Wednesday, May 16, 2007

In Which the Fish goes Inland for a Swim
There are periods in your life that feel more stagnated than others, and then there are periods in which so much is changing so rapidly that you don’t even have time to think about how to classify what’s going on.

I met a woman at dinner tonight who reminded me of this. I introduced myself and she said,
“Oh, we’ve met.”
When?
Five years ago, it turns out, back when I was a student at this same conference I’m mentoring at this week. This woman was a mentor at the time, and she remembered me. Flabbergasted I was, at this. I swear, I don’t even remember me, back then. So much has changed.

The conference is taking place in the town where I went to college. The funny thing is that I spent the days preceding this week just dreading it.
“I don’t work in media any more!” I thought. “How can I possibly mentor some young kid on how to do it??” So many of these completely illogical thoughts. (It’s been what, nine months since I was last “in media”?)

Once I arrived, I realized that these fears came as a result of a dip in courage that I’ve experienced only lately. During my months in Beachtown, I have felt, in large part, rather stagnated in many areas of life in which I want to grow. It’s true that I’ve been faced with the potentially self-esteem-annihilating challenge of being in a new geographic location, doing a completely new thing every day, surrounded by completely new people. But then you also have to take into account that (at the risk of offending those of you who are one of these, err, people), there’s the fact that most of these new people are younger, and lack the same brand of maturity/drive and self-confidence that characterized folks whom I surrounded myself with back in ‘Lanta. I’m not counting my very best friends in Beachtown. So chill, ya’ll.
However, the general climate in any creative writing program is gonna be more laissez-faire than that in an urban journalistic environment. Put that program on the freaking beach and boom: You have the possibility for extreme stagnation for goofuses like me, who rely an awful lot on my immediate environment to supply get-up-and-go. So the energy is lacking and you’ve neglected to find a way to refuel it and you start to lag, to be less than the Kicker-of-Ass you know you are. Then you start to blame yourself for your own lagging, and the next thing you know, you’re thinking all sorts of illogical things. Things like, “What if I don’t remember how to use that piece of equipment I used every day for four years?”

Cut to tonight. A night out, after a great day of mentoring and, well, general kicking of ass. To a healthily beer-enhanced dinner out with a few of the coordinators of this program, and a fiery discussion about the future of communication and news and media, what it should be and what our respective roles should be. Tra. And la. We got there around 6:30 and started right in on this talk and at some point shortly thereafter, I looked up from the table for a gulp of air and glanced at the clock. It was past nine. And I wondered: Where the hell had I been hiding myself all these months?

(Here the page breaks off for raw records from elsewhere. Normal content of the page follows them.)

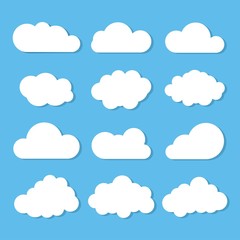 Clouds icon, vector on blue background.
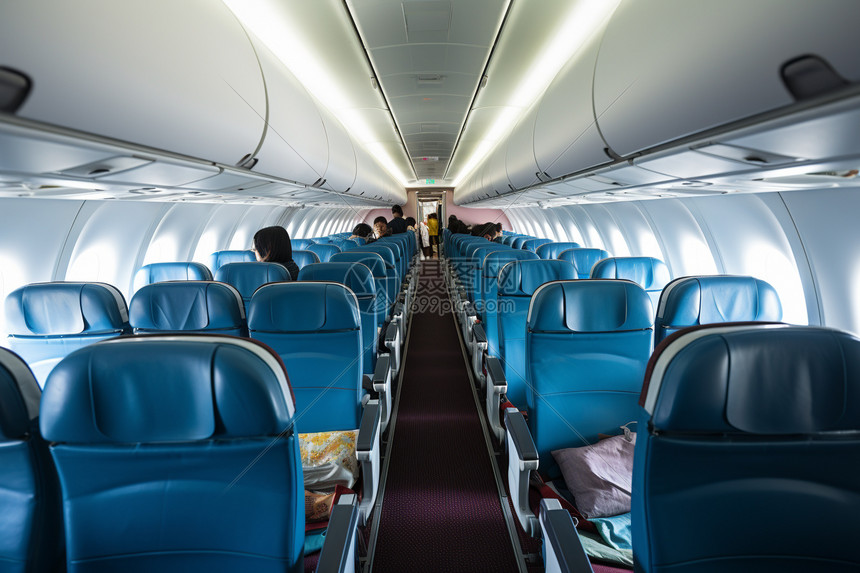 航空机舱内的座位高清图片下载-正版图片600492445-摄图网
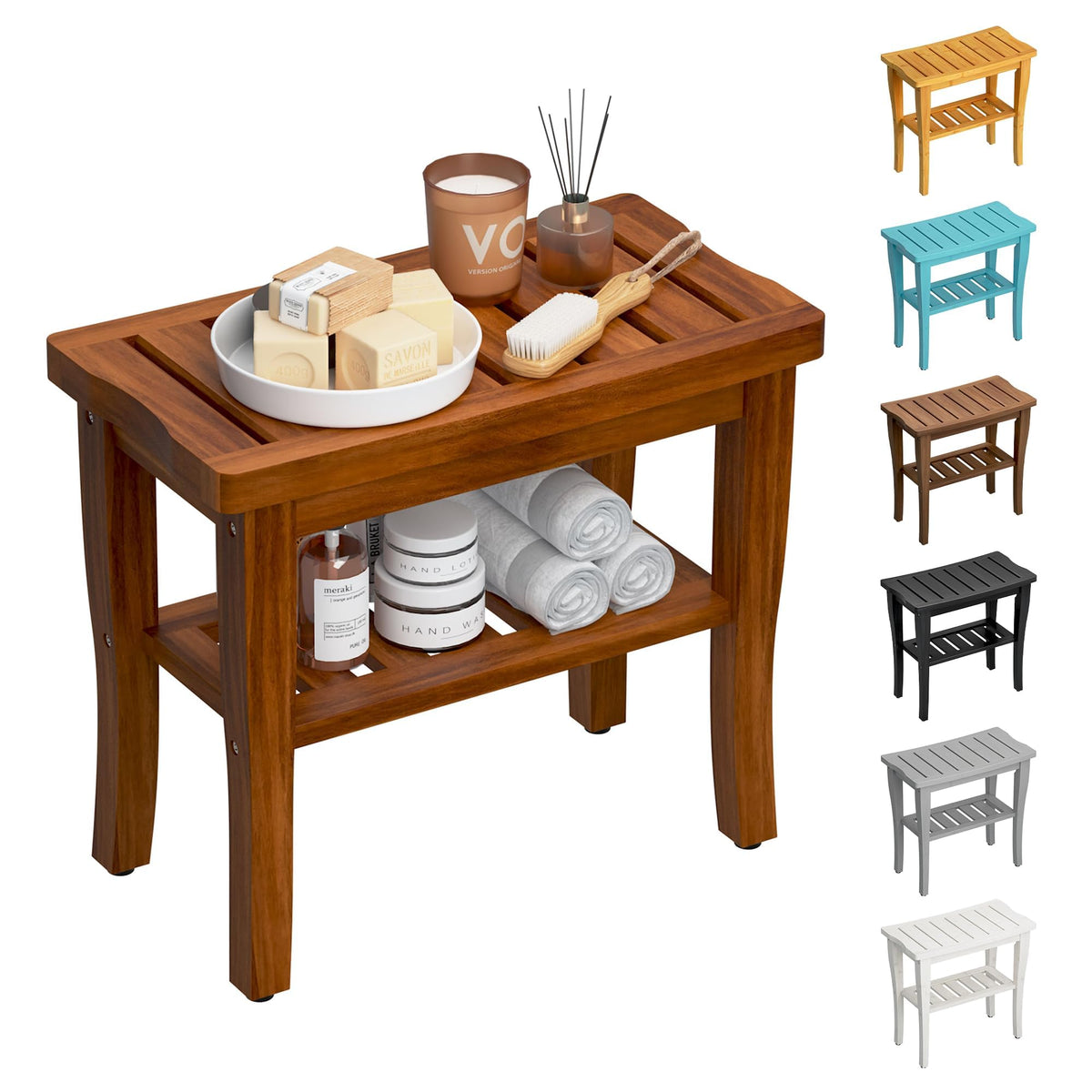 Teak Shower Bench Stool with Storage Shelf U9765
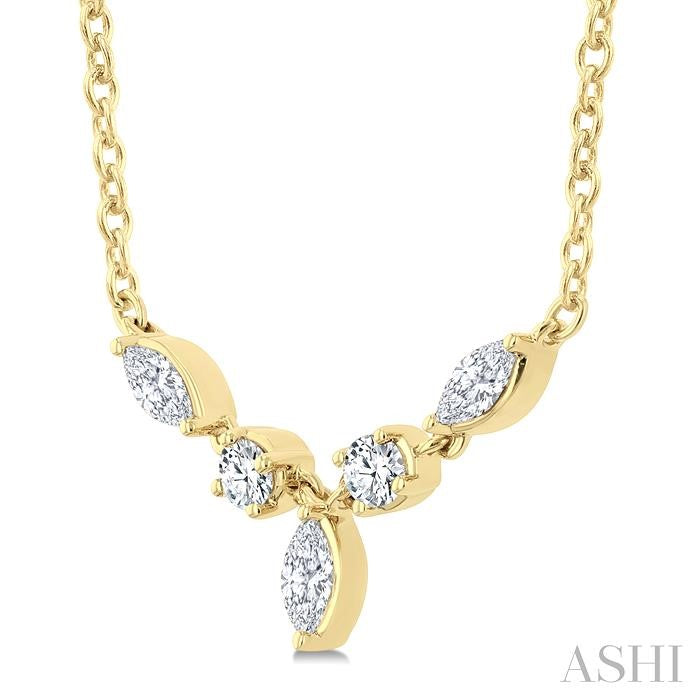 ASHI Marquise & Round Shape Diamond Fashion Necklace 986YUPPFGNKYG
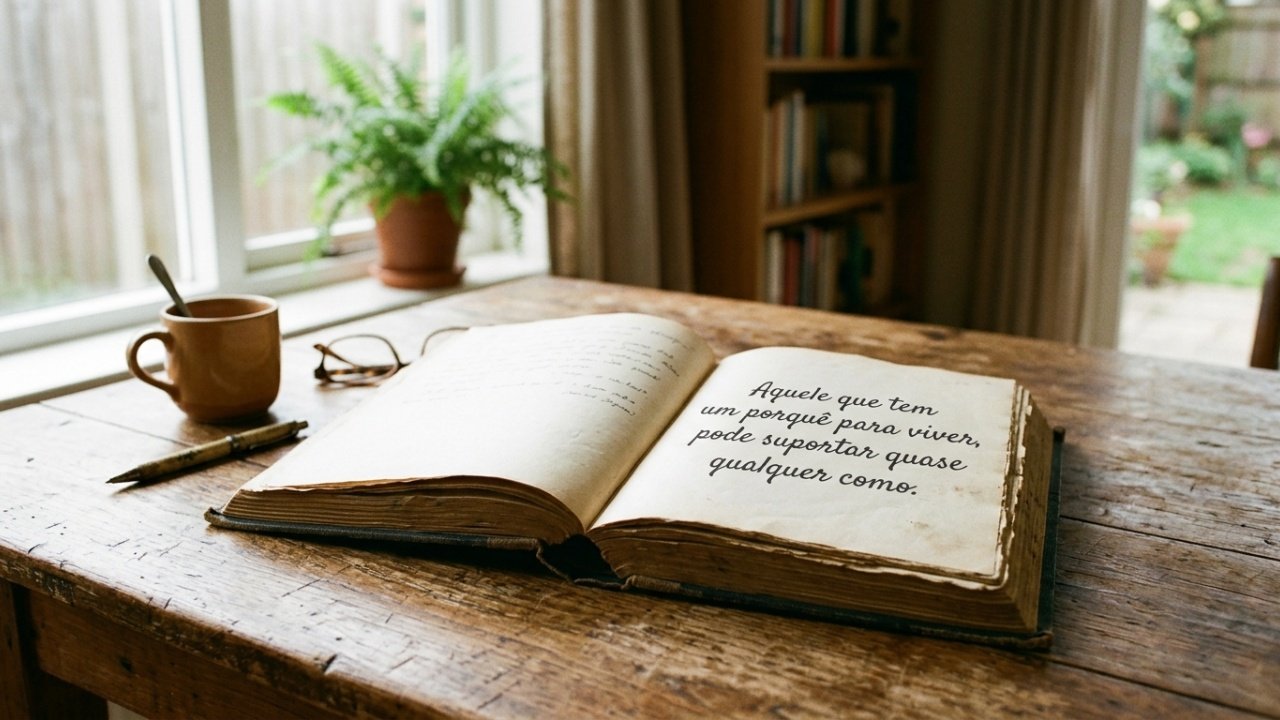 O propósito existencial, sintetizado na frase de Nietzsche, atua como fator de resiliência comprovado pela logoterapia e por estudos psicológicos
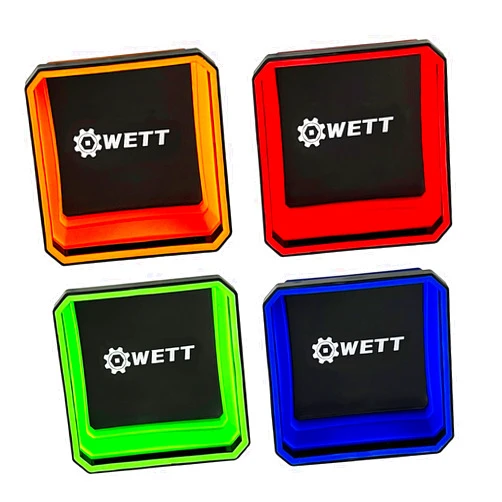 WETT Collapsible Magnetic Parts Tools Tray Set, 4-Pack Foldable 4.5” Square Silicone Bowls with Double Sided Magnetic Base, for Storing Bolts, Screws, Nuts, Pins, Washers and Other Small Metal Parts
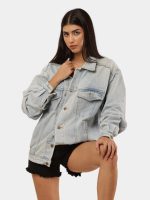 Denim Jacket with Medusa Hand Paint - Image 9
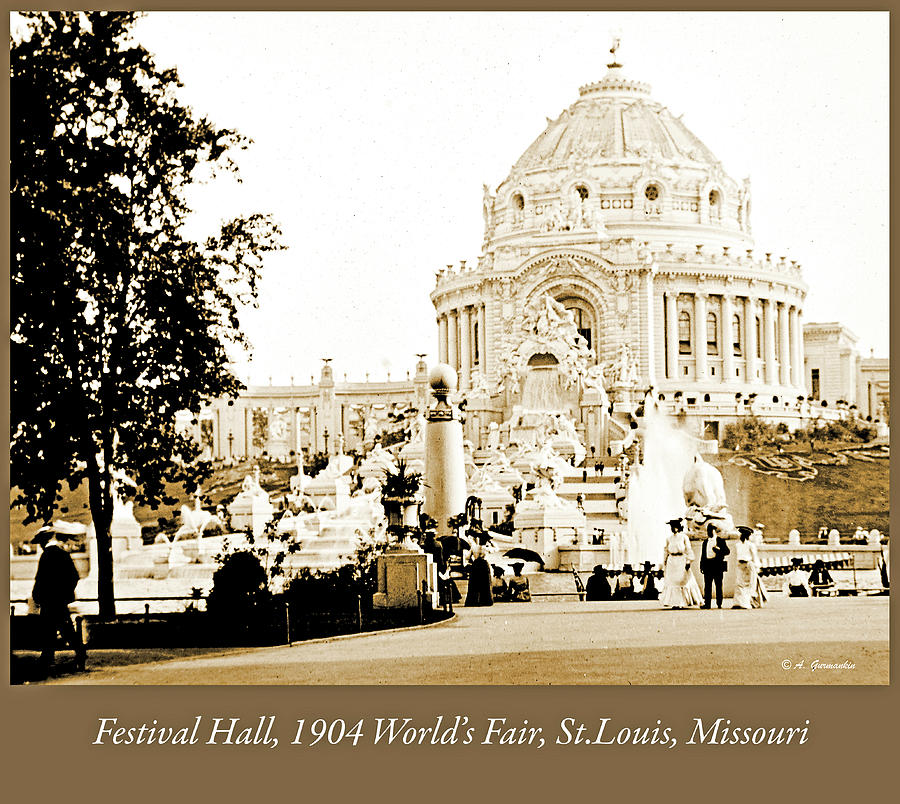 1904 Worlds Fair, Festival Hall from the Promenade Photograph by A Macarthur Gurmankin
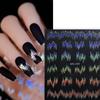 Nuevas Calcomanías de Arte de Uñas Transfronterizas Ins Relieve Estéreo Resaltado Tira de Seda Reflectante Color Gradiente Línea Calcomanías para Uñas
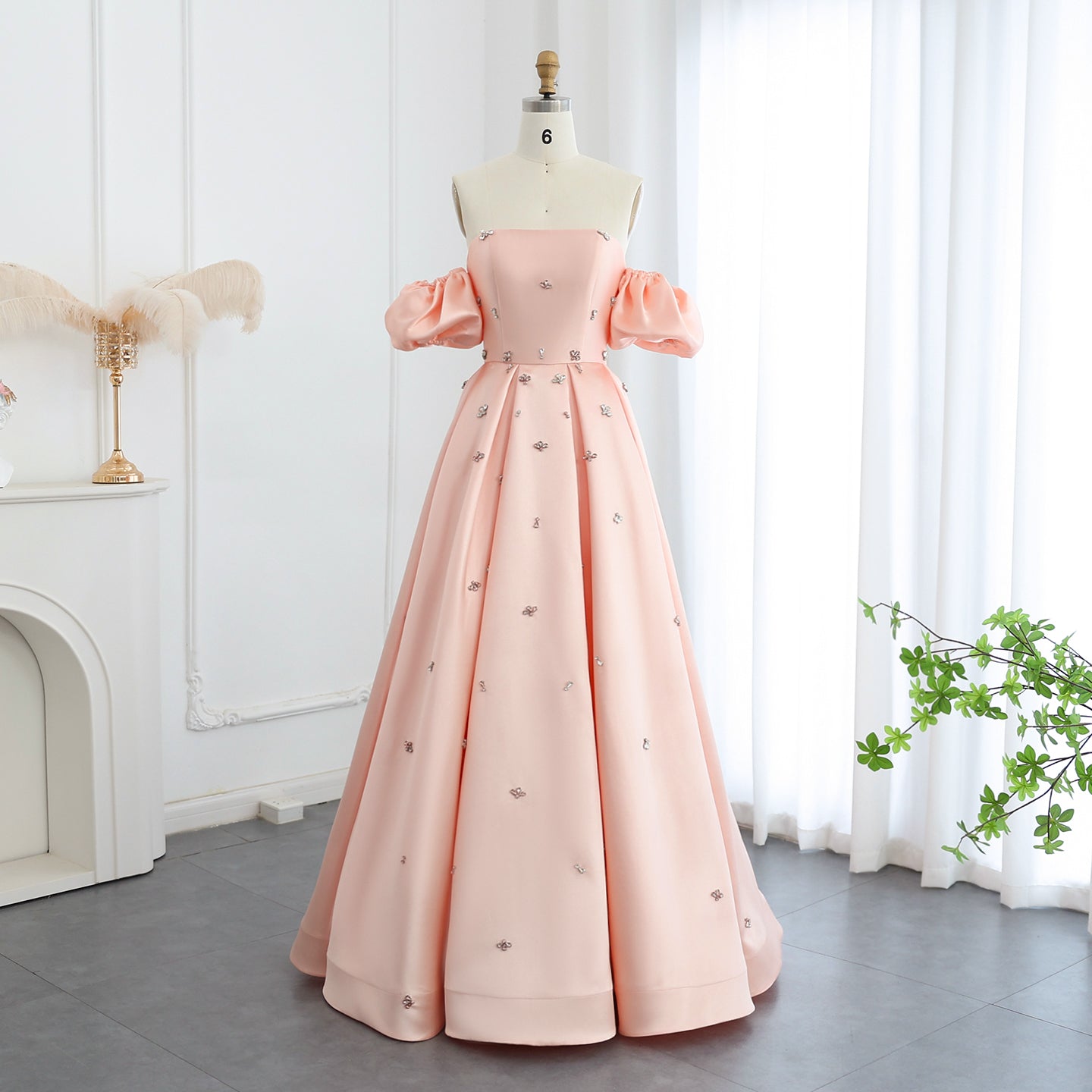 For Sale Crystal Blush Pink Satin Off-Shoulder Evening Dresses SS442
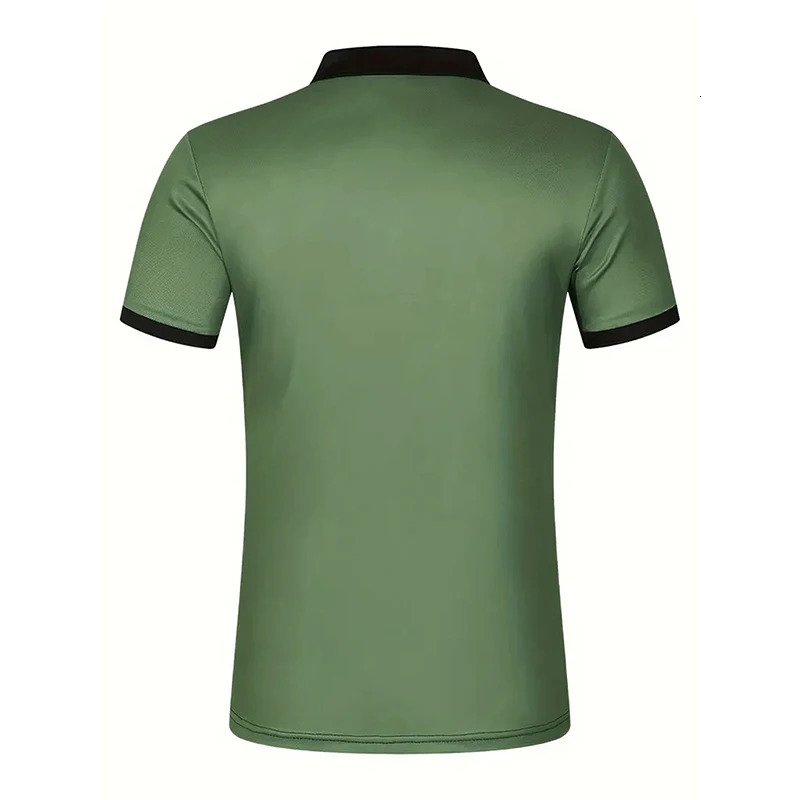 Mens summer slim fit short sleeved sports collar polo shirt mens business casual button 3D digital printing 250326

I haven’t jumped to the conclusion that I’ve made the wrong decision in leaving Small Publication for grad school. I just need to find a way to remind myself of the wider world that I love while I’m immersed in academia and the strange social milieu of Beachtown. To remind myself, that while I love the time I have available now, and the things I am learning; the wider world I prefer is still there and it’s still mine. I don’t have to completely unplug from one, to benefit from the other.

By the time I got back to my hotel, I was in this weird, rare state of complete ecstasy with every conceivable aspect of my surroundings. There were these lovely, intelligent, snappy people I’d just eaten with. And then there was the fact that I was driving through my college town, which is also my favorite place forever and ever amen in the land.

How I love it here. I drove back to the hotel from dinner with the windows open, turning down each street by instinct, amazed how well I still knew the way. Here’s the tree-lined street I used to bike to campus on a-million-and-a-half years ago, I thought, and look, there’s a pack of old hippies on bikes, now. Here’s that street right through the center of campus and look how nothing’s changed! I drive right by some girl crossing that street carrying a backpack and the thought floors me: she’s having her college experience right now. The thought is both heartening and lonely-making: I don’t own this place. It never was mine. Still I drive through it; I catch the air in my hand as I surf it out the window. I let it go again.